Unlike Narendra Modi, Chief Minister Raman Singh scrupulously stayed away from divisive politics and made no reference to terror. Instead, he launched and popularised a scheme to give rice at Rs 3 a kg to everyone living below the official poverty line, or 37 lakh families.
Rice at Rs 3 per kg might seem like populism. But is also makes ample sense to the poorest of the poor because Chhattisgarh is the third-worst state in the country in terms of nutrition levels — and the worst for women’s health. According to the National Family Health Survey, every third man, and every other woman and child in this rice-surplus state is malnourished. These shocking levels of deprivation jump by 10 per cent in the case of the state’s tribal families.
The rice was routed through the Public Distribution Scheme (PDS), a national system of subsidised food grain on which over 600 million poor Indians depend, but which is riddled with siphoning and little accountability towards those it is meant to benefit.
The scenario was not too different in Chhattisgarh in 2004, when a national coalition of non-profit groups under the Right to Food Network surveyed the fairprice shops in 650 villages in the state’s northern tribal swathe. Ninety-two per cent of villages reported severe difficulty in accessing PDS.

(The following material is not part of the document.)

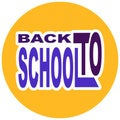 Sticker Back to school - violet text on a yellow circle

When the network repeated its survey this summer, 92 per cent of villages reported no problems in accessing their full quota every month at the Rs 3 price. The complete reversal was the result of a sustained overhaul of the scheme overseen by Singh, which provides a template for state governments in the rest of India.
In April 2007, the BJP government slashed PDS rice prices from Rs 6.50 to Rs 3 per kg for all families from the scheduled castes and tribes, after a test run of the measure in a by-election delivered a victory to the party.
This January, as food prices jumped by 30-40 per cent in the open market in a state that exports rice, the government swung into action, extending the subsidy to all families below the poverty line. Today, the PDS subsidy amounts to Rs 870 crore, or about 5 per cent of the state budget.
But the subsidy actually made a difference to people's lives because behind the scenes, the administration harnessed technology and official will to put in place deep reforms in the state’s sprawling PDS network. Further, Raipur's veteran editor, Sunil Kumar said, “Raman Singh made himself the face of the scheme, asserting in all meetings with party men and officials that PDS corruption would not be tolerated.”
The overhaul included a raft of measures: regaining control of fair price shops from private hands; increasing the network of shops from 6,000 to 10,000; computerising 37 lakh ration cards; monitoring trucks carrying grain; and setting up a call centre with a toll free number to deal with any corruption complaint in a time-bound manner. The national Ministry of Food and Civil Supplies now is considering several of these as a blueprint for other state governments.
Official Rajeev Jaiswal who oversees the PDS scheme said, "Our experience also shows that pricing rice at Rs 3 actually improves access with families being able to buy their 35 kg entitlement. No family lets it go because it is affordable, and that has automatically reduced diversion."
Kumar believed that electoral politics certainly influenced the administering of the scheme: "Poverty surveys threw up numbers varying from 40% to 60%, which the state government purposely did not reconcile since it would have been electorally inconvenient." But he added, "At the same time, with this focus on the PDS, I believe, at least a third of the people in the state are eating two proper meals a day for the first time in their lives."